2. They were not told to minister to others who were wounded, in order to get relief for themselves. This, too, would have appealed to their sentiments as being more practical and more desirable than gazing at a pole, yet in fact it had been most impracticable. Of what use would it be for one to jump in deep water to rescue a drowning man if he could not swim a stroke himself!
3. They were not told to fight the serpents. If some of our moderns had been present that day they would have urged Moses to organize a Society for the Extermination of Serpents! But what use had that been to those who were already bitten and dying?
4. They were not told to make an offering to the serpent on the pole. God did not ask any payment from them in return for their healing. No, indeed. Grace ceases to be grace if any price is paid for what it brings.
5. They were not told to pray to the serpent. Many evangelists urge their hearers to go to the ‘mourner’s bench’ or ‘penitent form’ and there plead with God for pardoning mercy, and if they are dead in earnest they are led to believe that God has heard them for their much speaking. … Oh dear reader, do not make the fatal mistake of substituting prayer for faith in Christ.

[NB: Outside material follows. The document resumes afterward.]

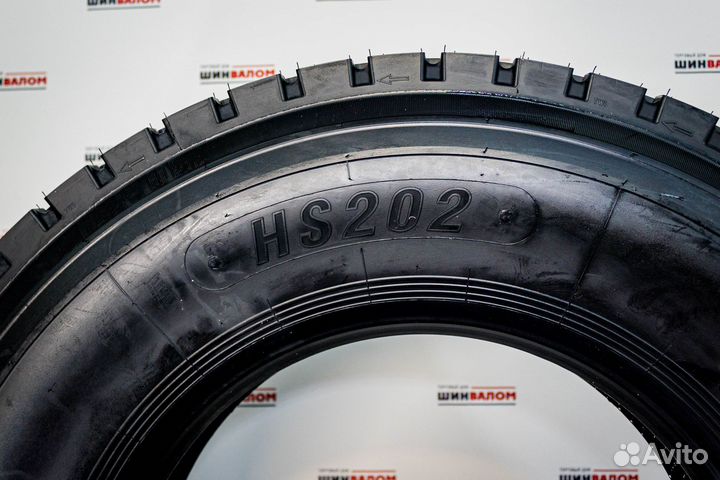 315/70R22,5 kapsen HS202 157/153L PR20 TL Ведущая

6. They were not told to look at Moses. They had been looking to Moses, and urging him to cry to God on their behalf; and when God responded, He took their eyes from off Moses, and commanded them to look at the brazen serpent. Moses was the Law-giver, and how many today are looking to him for salvation. They are trusting in their own imperfect obedience to God’s commandments to take them to heaven.

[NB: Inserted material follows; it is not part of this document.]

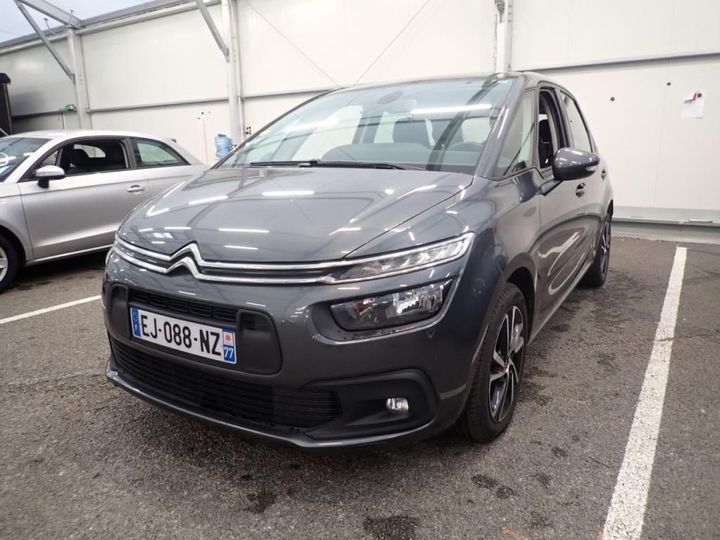 CITROEN C4 PICASSO 2017 vf73dbhzthj539258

7. They were not told to look at their wounds. Some think they need to be more occupied with the work of examining their own wicked hearts in order to promote that degree of repentance which they deem a necessary qualification for salvation. But as well attempt to produce heat by looking at the snow, or light by peering into the darkness, as seek salvation by looking to self for it. To be occupied with myself is only to be taken up with that which God has condemned, and which already has the sentence of death written upon it.
Just as the bitten Israelites were healed by a look of faith, so the sinner may be saved by look to Christ by faith. Saving faith is not some difficult and meritorious work which man must perform so as to give him a claim upon God for the blessing of salvation. It is not on account of our faith that God saves us, but it is through the means of our faith. It is in believing we are saved.